PROVIDED ENTRIES>
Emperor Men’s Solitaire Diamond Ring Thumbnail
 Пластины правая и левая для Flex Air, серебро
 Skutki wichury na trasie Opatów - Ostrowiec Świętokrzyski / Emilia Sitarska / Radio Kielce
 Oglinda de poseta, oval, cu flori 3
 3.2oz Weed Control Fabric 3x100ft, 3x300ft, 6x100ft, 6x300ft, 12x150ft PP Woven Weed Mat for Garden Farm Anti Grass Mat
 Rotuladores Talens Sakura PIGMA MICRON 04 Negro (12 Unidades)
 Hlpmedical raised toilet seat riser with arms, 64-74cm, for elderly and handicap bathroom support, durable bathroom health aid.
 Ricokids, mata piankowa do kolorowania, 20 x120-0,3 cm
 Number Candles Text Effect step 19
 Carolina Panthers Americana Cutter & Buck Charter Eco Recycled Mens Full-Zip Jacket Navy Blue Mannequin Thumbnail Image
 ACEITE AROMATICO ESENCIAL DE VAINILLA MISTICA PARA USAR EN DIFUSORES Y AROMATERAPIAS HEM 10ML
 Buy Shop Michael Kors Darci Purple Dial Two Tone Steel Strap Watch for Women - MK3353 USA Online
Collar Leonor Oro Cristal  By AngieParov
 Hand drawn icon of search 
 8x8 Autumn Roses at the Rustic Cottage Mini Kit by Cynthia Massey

EXERCISE REQUIREMENTS> Give a verbatim copy of the material above.

SOLUTION TO THIS TASK>
Emperor Men’s Solitaire Diamond Ring Thumbnail
 Пластины правая и левая для Flex Air, серебро
 Skutki wichury na trasie Opatów - Ostrowiec Świętokrzyski / Emilia Sitarska / Radio Kielce
 Oglinda de poseta, oval, cu flori 3
 3.2oz Weed Control Fabric 3x100ft, 3x300ft, 6x100ft, 6x300ft, 12x150ft PP Woven Weed Mat for Garden Farm Anti Grass Mat
 Rotuladores Talens Sakura PIGMA MICRON 04 Negro (12 Unidades)
 Hlpmedical raised toilet seat riser with arms, 64-74cm, for elderly and handicap bathroom support, durable bathroom health aid.
 Ricokids, mata piankowa do kolorowania, 20 x120-0,3 cm
 Number Candles Text Effect step 19
 Carolina Panthers Americana Cutter & Buck Charter Eco Recycled Mens Full-Zip Jacket Navy Blue Mannequin Thumbnail Image
 ACEITE AROMATICO ESENCIAL DE VAINILLA MISTICA PARA USAR EN DIFUSORES Y AROMATERAPIAS HEM 10ML
 Buy Shop Michael Kors Darci Purple Dial Two Tone Steel Strap Watch for Women - MK3353 USA Online
Collar Leonor Oro Cristal  By AngieParov
 Hand drawn icon of search 
 8x8 Autumn Roses at the Rustic Cottage Mini Kit by Cynthia Massey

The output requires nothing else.